1) I've restarted my router/modem (whatever it's called), everything (I have a wired connection), I also have 2 ethernet cables in my room (1 for my pc and 1 for wifi router) and the problem exists on both of them. Also, when I switch my pc to wifi, the problem is still here, BUT it's perfectly fine when I use my mobile network from my phone. 
2) maybe, I guess? As I said, I'm very green in the Internet magic


----------



## EarthDog (Feb 16, 2020)

impo said:


> when I use my mobile network from my phone.

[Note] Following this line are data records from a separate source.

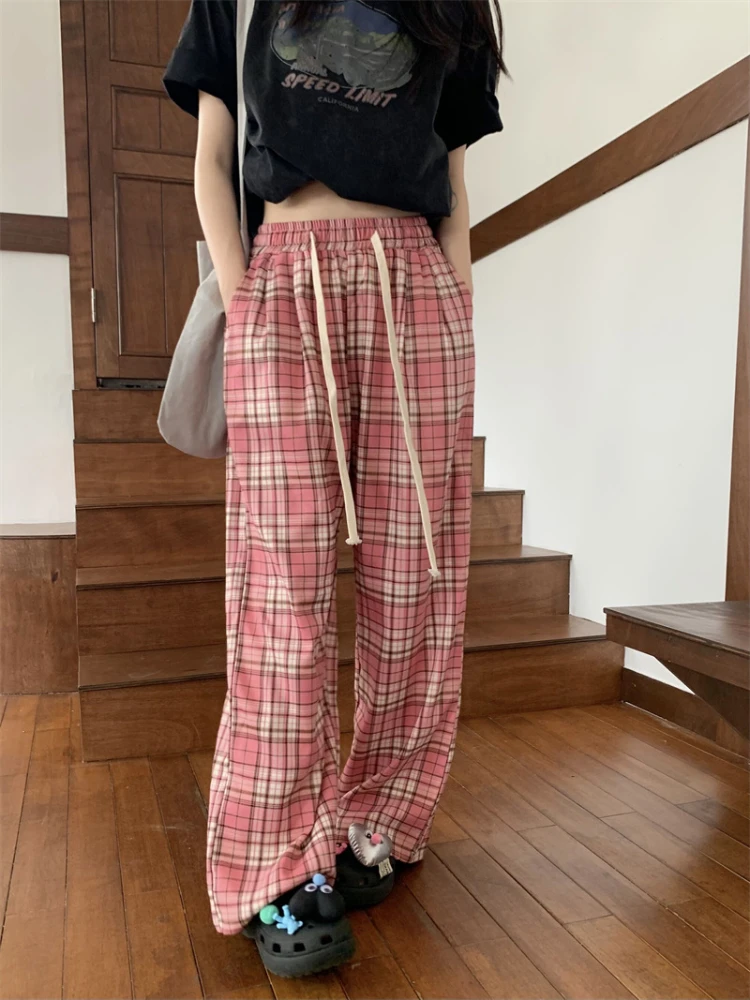 Summer Pink Plaid Wide Legged Pants Women 2024 Korean High Waist Elastic Drawstring Loose Slimming Casual Floor Slam Trouser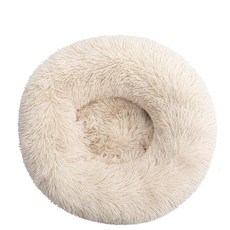 개와 고양이용 봉제 애완 동물 침대 쿠션 하우스 라운드 매트 모, 13.Beige Brown, E.M 50CM, 1개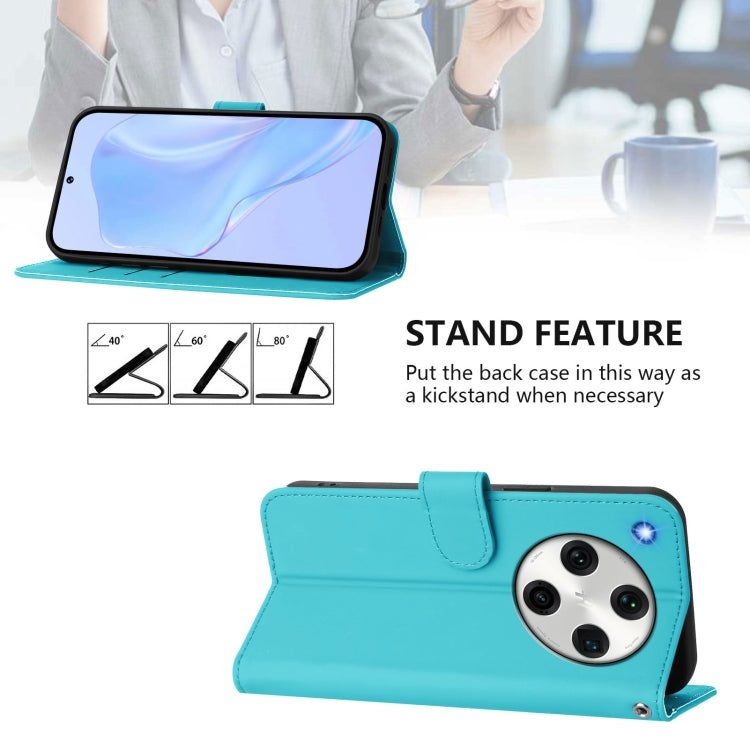 For OPPO Find X8 Pro Skin Feel Solid Color Leather Phone Case with Lanyard
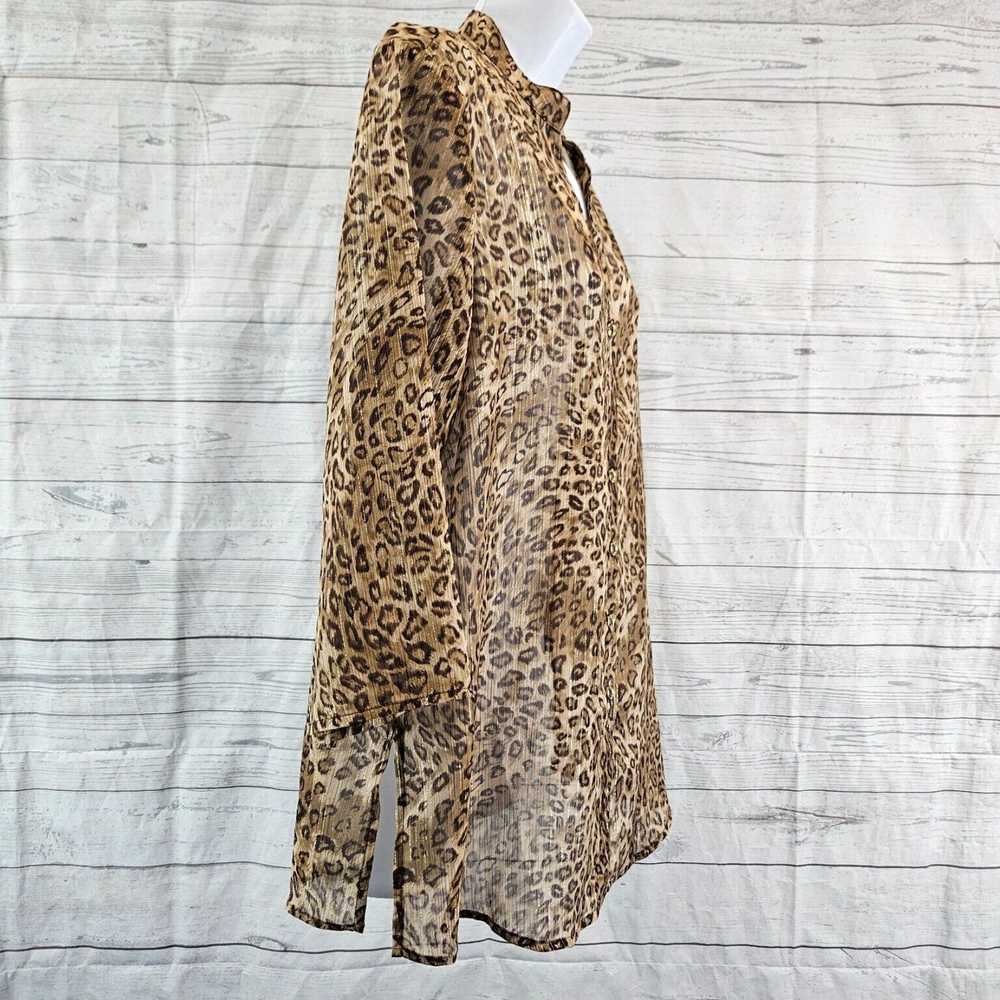 Susan Graver Brown Animal Print Sheer Women's Med… - image 3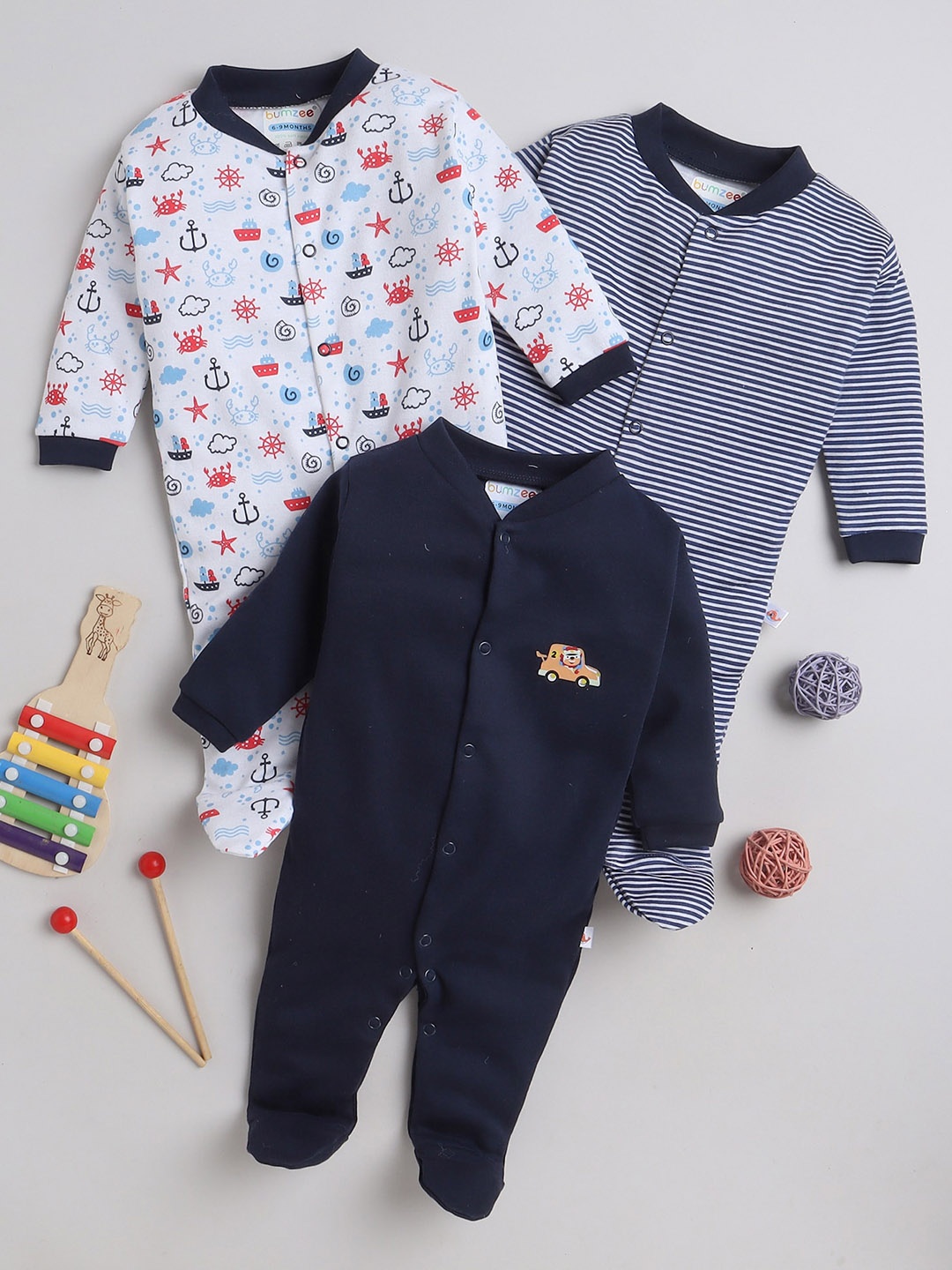 

BUMZEE Infant Boys Pack Of 3 Printed Cotton Sleepsuits, Navy blue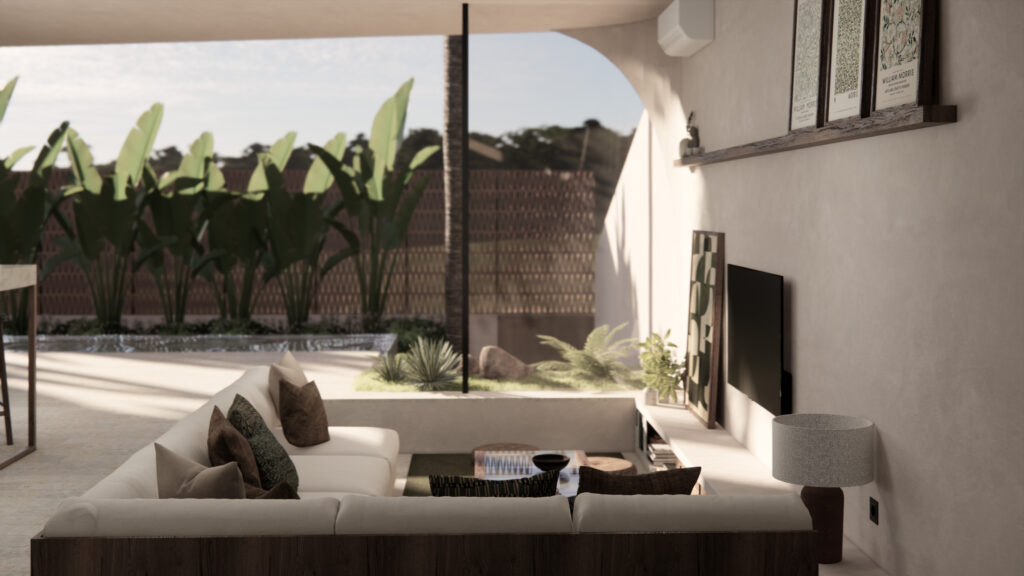 Modern living room and kitchen interior design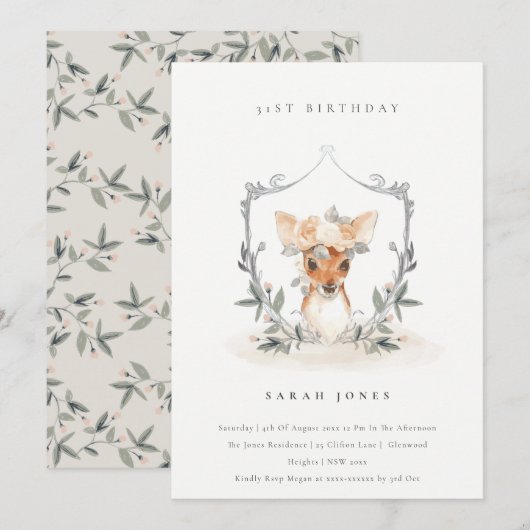 Dusky Deer Floral Crest elke zondag uitnodigen Bedankkaart (Voorkant / Achterkant)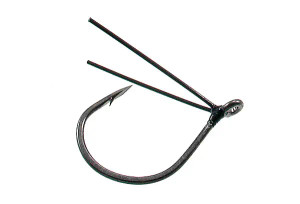 Eagle Claw - Trokar Weedless Wacky Worm Platinum Black sz1 6pk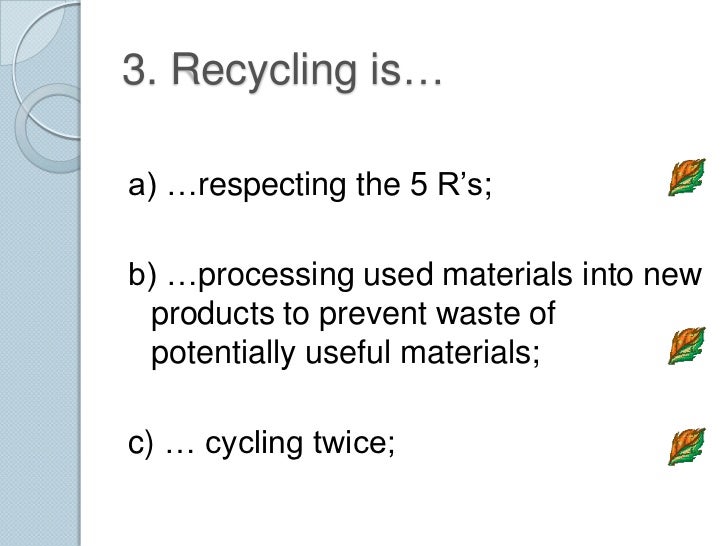 Recycling Quiz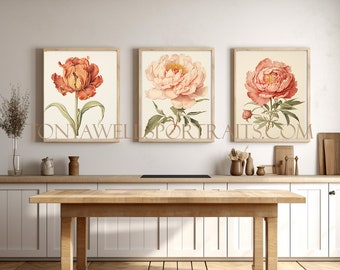 Botanical Florals/  Printable Artwork/ Collection of Three Botanical Prints/High Resolution Digital Download/Pink Florals/ Prints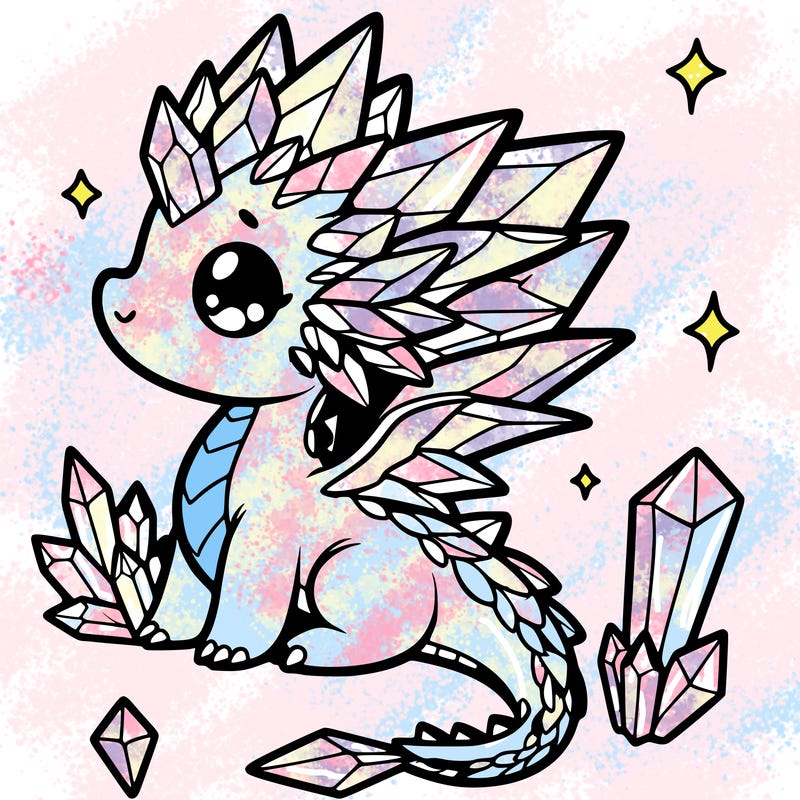 little cute crystal dragon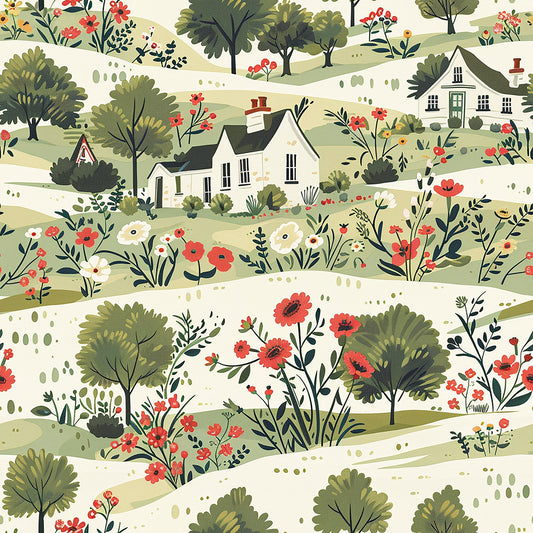cottagecore pattern, quilting cotton, fabric panel, rolling hills, country houses, white cottages, red flowers, green foliage, pastoral landscape, whimsical illustration, sage green, coral red, cream background, trees, botanical elements, rural scene, folk art style, charming countryside, wildflowers, cozy homes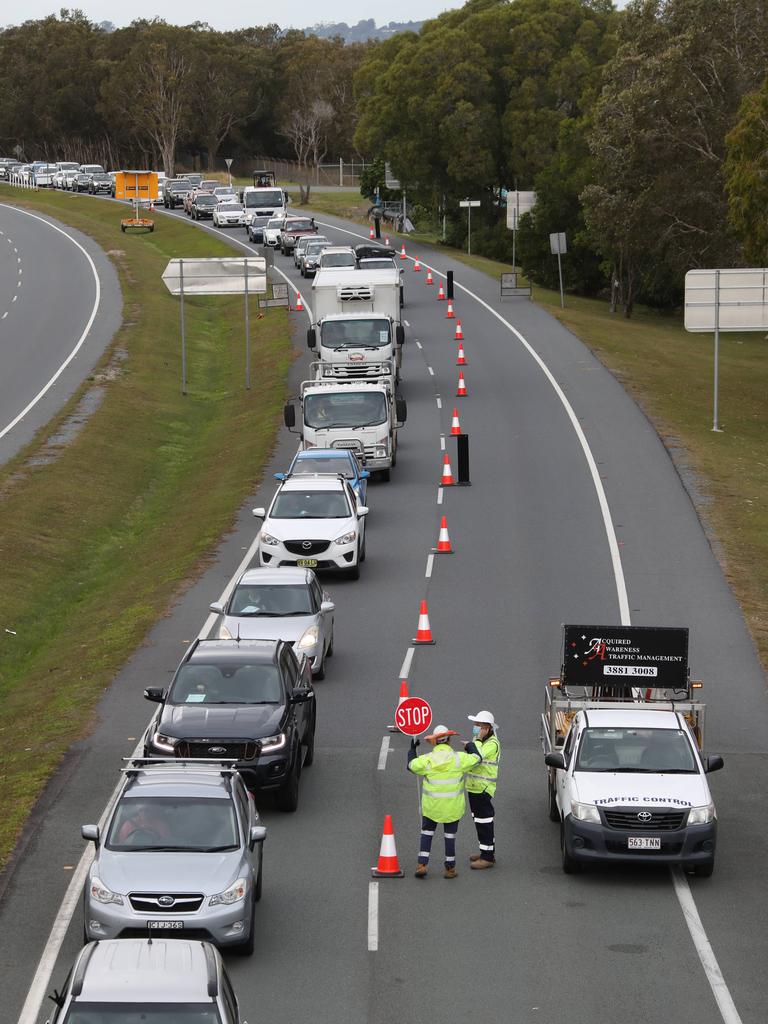 The hard border and long Queues return to the Qld NSW border on the Gold Coast. Long Queues on the Gold Coast highway atCoolangatta. Picture: Glenn Hampson.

Your mobile network is not the same connection so that makes sense. Or are you saying when your phone connects to your wifi it is ok?

I'd also reach out to your provider for help.


----------



## Regeneration (Feb 16, 2020)

Your router/modem is to blame for the packet loss. Upgrade/downgrade firmware, reset and reconfigure. Also make sure your cables aren't damaged in any way.


----------



## JackCarver (Feb 16, 2020)

impo said:


> 2) maybe, I guess? As I said, I'm very green in the Internet magic



As both networks, 192... and 10..., are
private networks it seems that you use two different local networks at home.
As pingplotter says, your first hop is to 192.168.1.1 and your second hop is 10.1.0.1 then you go into the internet with your third hop. That‘s not that common as many users have one hop from their pc to the router and the second is to the internet. There is only one local network involved.
The machine with IP 192.168.1.1 is causing this issue according to pingplotter, so that is a local problem not an ISP problem at this machine. As the machine with IP 10.1.0.1 connects to the internet what is 192.168.1.1?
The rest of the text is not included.